> _Work to be completed_
A verbatim transcript of the data that follows, free of images, is the expected result.

> _Data block_
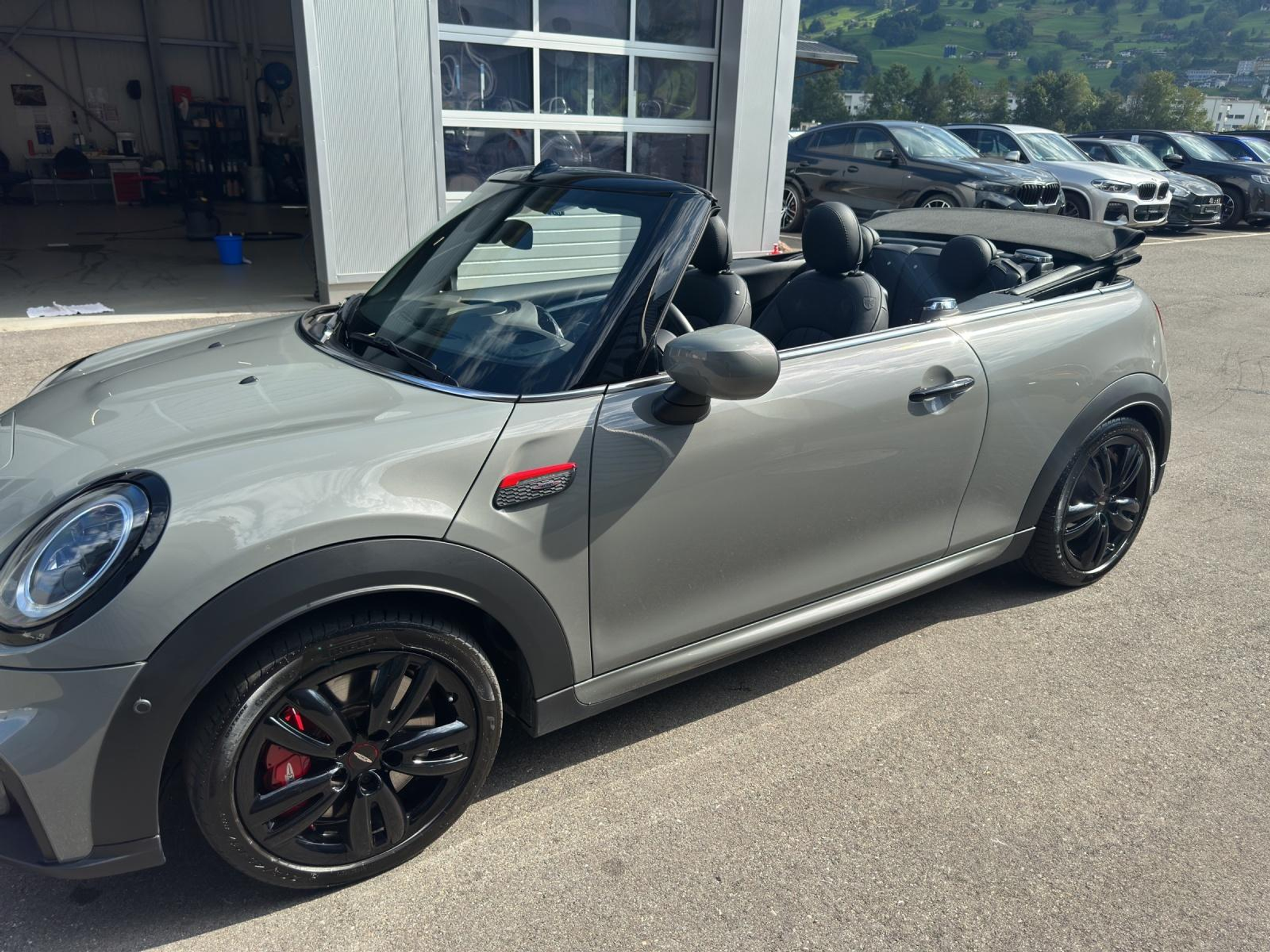 listing desktop thumbnail image 19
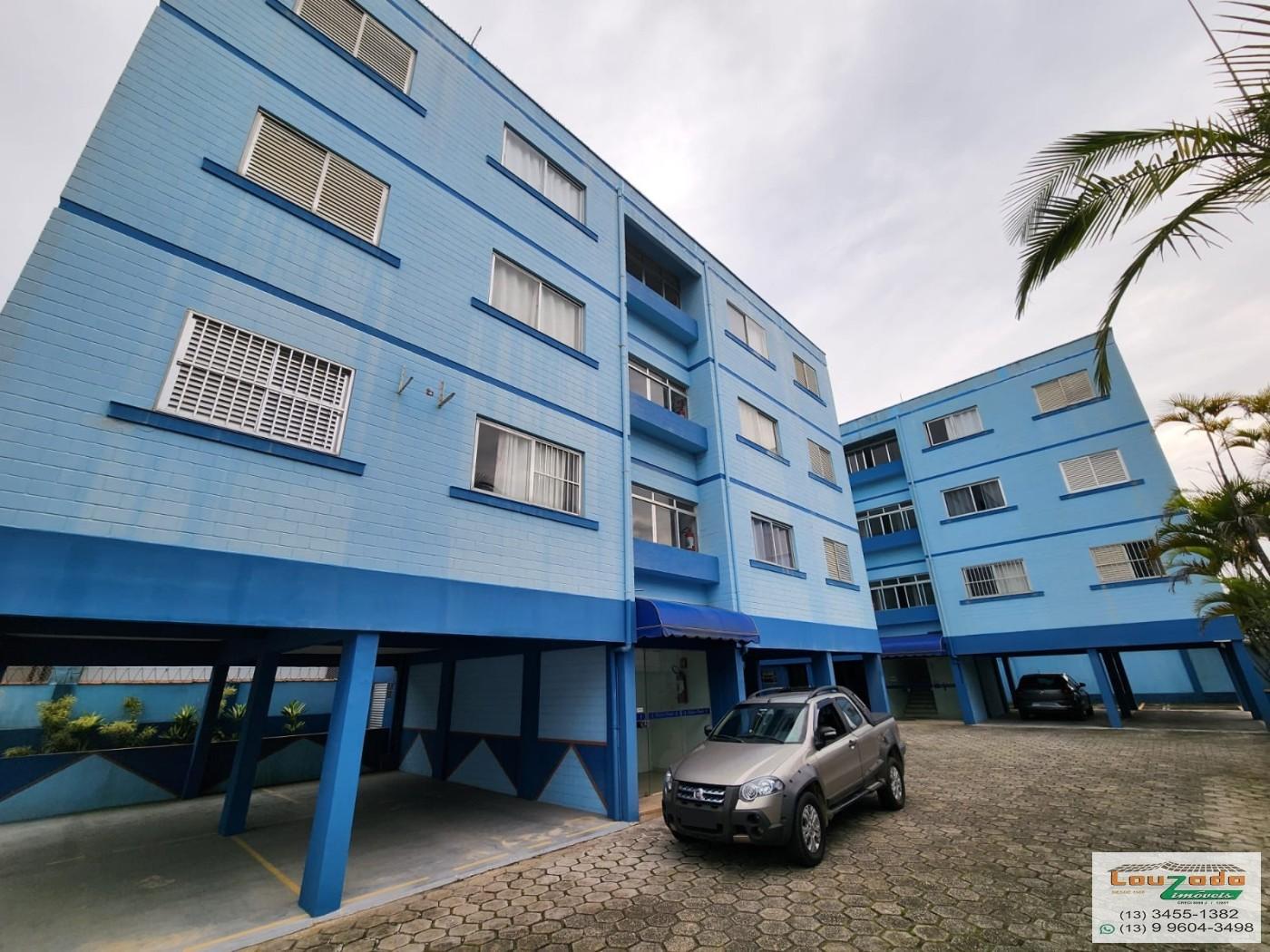 Apartamento, 2 quartos, 49 m² - Foto 14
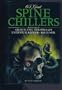 65 Great Spine Chillers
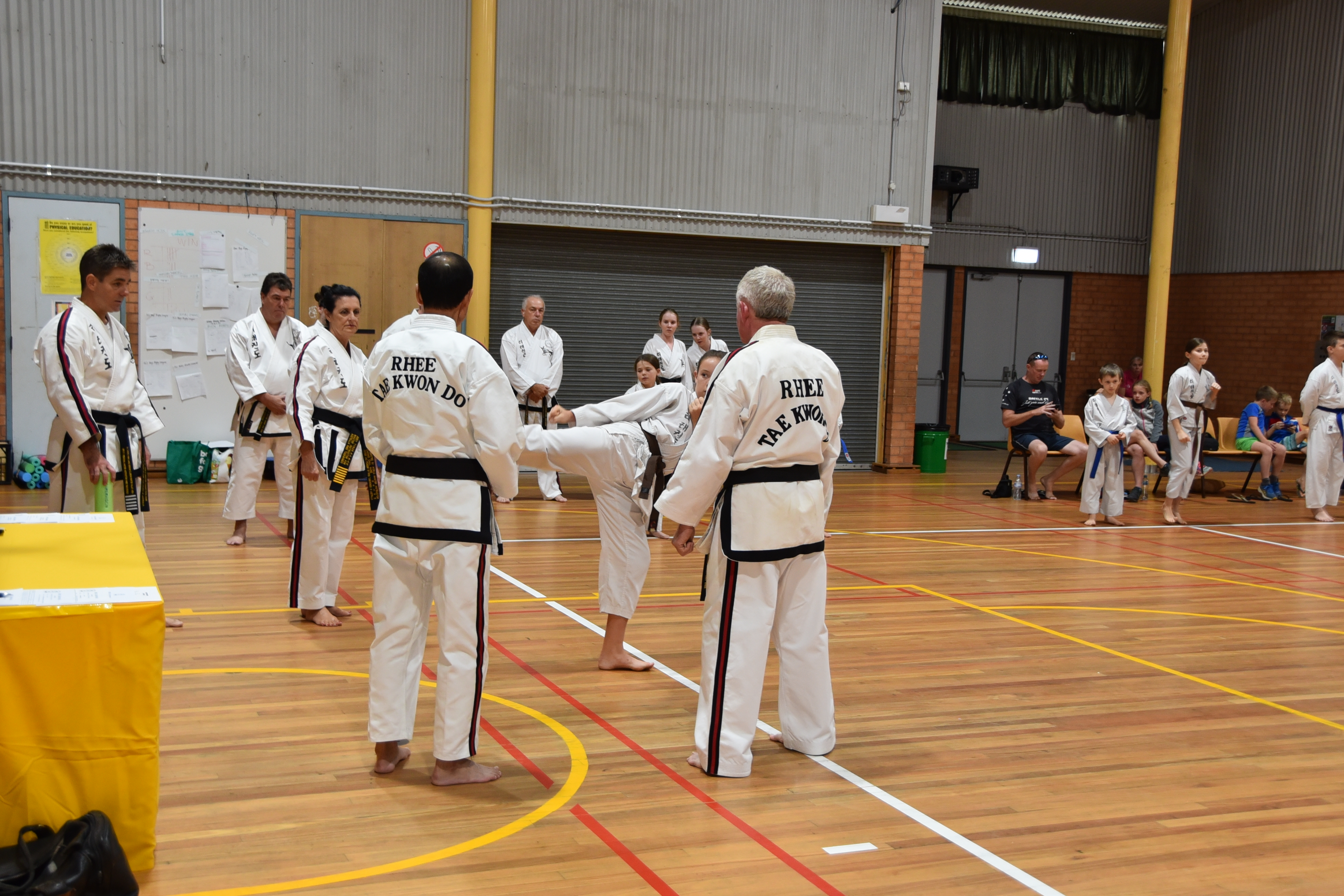 action-day-feb-2019 - DSC 1747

> _Expected answer_
 listing desktop thumbnail image 19
 Apartamento, 2 quartos, 49 m² - Foto 14
 65 Great Spine Chillers
 action-day-feb-2019 - DSC 1747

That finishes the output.